When you open AWS IAM Identity Center, you can see the accounts and roles you can assume:
Temporary credentials and Leapp
AWS IAM Identity Center provides temporary credentials by default, which is a good security choice. It supports SSO integration with AWS CLI or manual download of access key, secret access key, and session token.
Personally, I prefer to use Leapp, a tool that supports secure cloud access in multi-account environments. Recently, the company behind Leapp announced the end of the commercial version. The open source version still exists and can be used.
Leapp displays all AWS accounts/roles that are configured in AWS Identity Center. If you select an account, the credentials can be used in the CLI. You can override the default profile so you don't have to pass a --profile
parameter. Or, you can configure a name profile.
Nuking the sandbox account
When I'm learning a new AWS service or testing a complex scenario, I'm not always using infrastructure as code. In this case, it takes a long time to manually clean up an AWS account and delete all (expensive) resources.

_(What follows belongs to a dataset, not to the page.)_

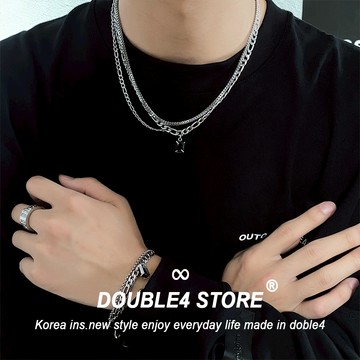 【DOUBLE4】韓國 長方黑寶石雙項鍊 韓系 手鍊男 蹦迪 穿搭 男項鍊 手鍊 鋼項鍊 男女 鋼手鍊 鈦鋼【C89】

To improve this process, I use aws-nuke, which automatically deletes all AWS resources in an AWS account. Be careful with this tool. The first time I used it, it also deleted the configurations required for IAM Identity Center. So I couldn't login anymore.

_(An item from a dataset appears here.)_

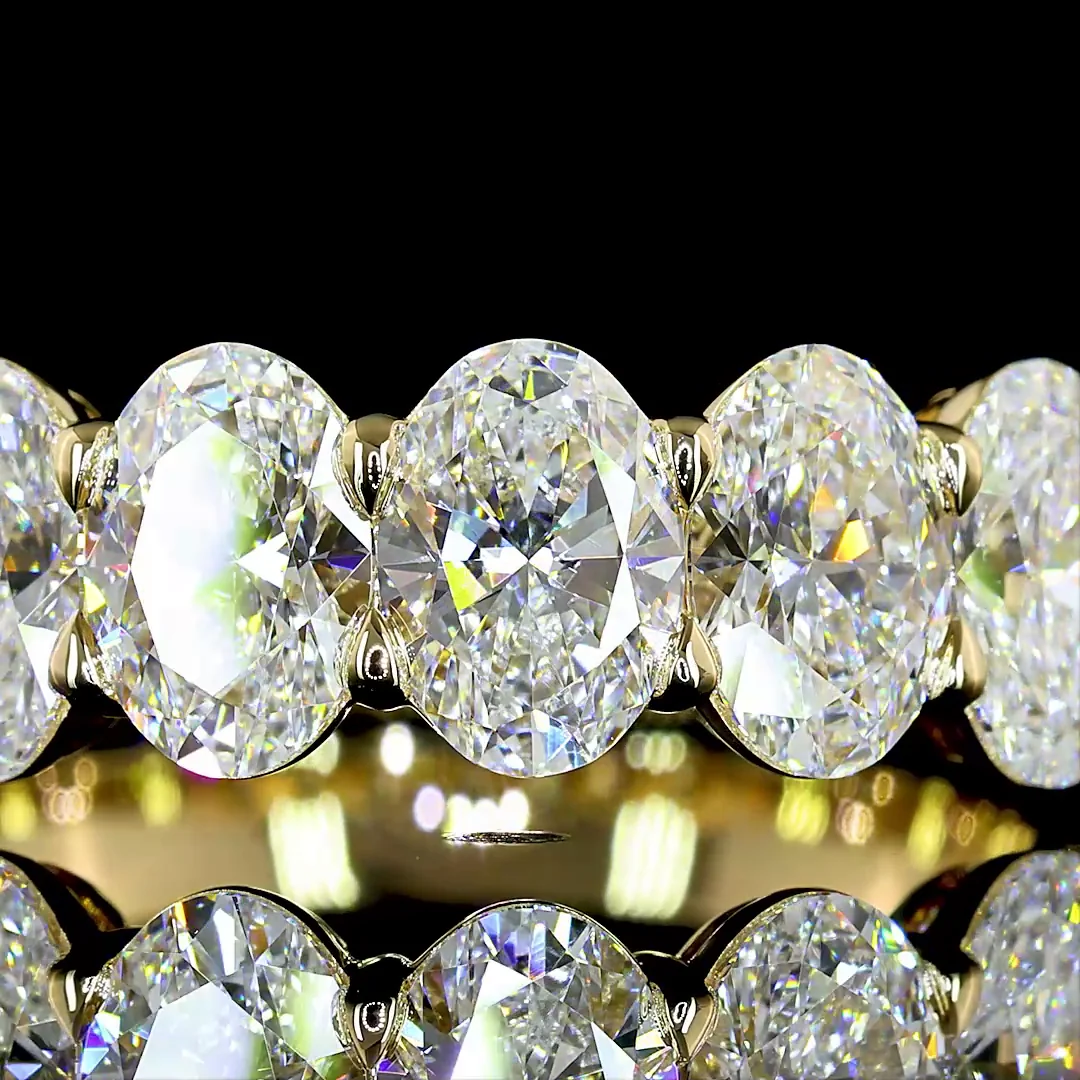 2.98 Cts 14k Yellow Gold Oval Shape 7 Stones Eternity Band - Image 3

aws-nuke supports filters to exclude resources that should not deleted. I created filters to exclude the IAM Identity Center configuration and resources created during AWS CDK bootstrapping. I ended up with these filters:
presets:
common:
filters:
IAMRole:
- "OrganizationAccountAccessRole"
- type: glob
value: "cdk-hnb659fds-"
- type: glob
value: "AWSReservedSSO_AdministratorAccess_"
IAMRolePolicyAttachment:
- "OrganizationAccountAccessRole -> AdministratorAccess"
- type: glob
value: "AWSReservedSSO_AdministratorAccess_ -> AdministratorAccess"
- type: glob
value: "cdk-hnb659fds-"
IAMRolePolicy:
- type: glob
value: "cdk-hnb659fds-"
IAMSAMLProvider:
- type: glob
value: "arn:aws:iam:::saml-provider/AWSSSO__DO_NOT_DELETE"
S3Bucket:
- type: glob
value: "s3://cdk-hnb659fds-assets"
SSMParameter:
- "/cdk-bootstrap/hnb659fds/version"
CloudFormationStack:
- CDKToolkit
ECRRepository:
- type: glob
value: "Repository: cdk-hnb659fds-container-assets-*"
Summary
This setup works very well for me. AWS IAM Identity Center is great for managing users and logging into AWS accounts. Leapp is very helpful when using CLI credentials. However, it's not the only option as AWS IAM Identity Center offers other options as well. I regularly use the sandbox account when testing or learning about AWS services. By deleting everything with aws-nuke, I can easily start with an empty AWS account - and of course, I don't have to pay for unused resources.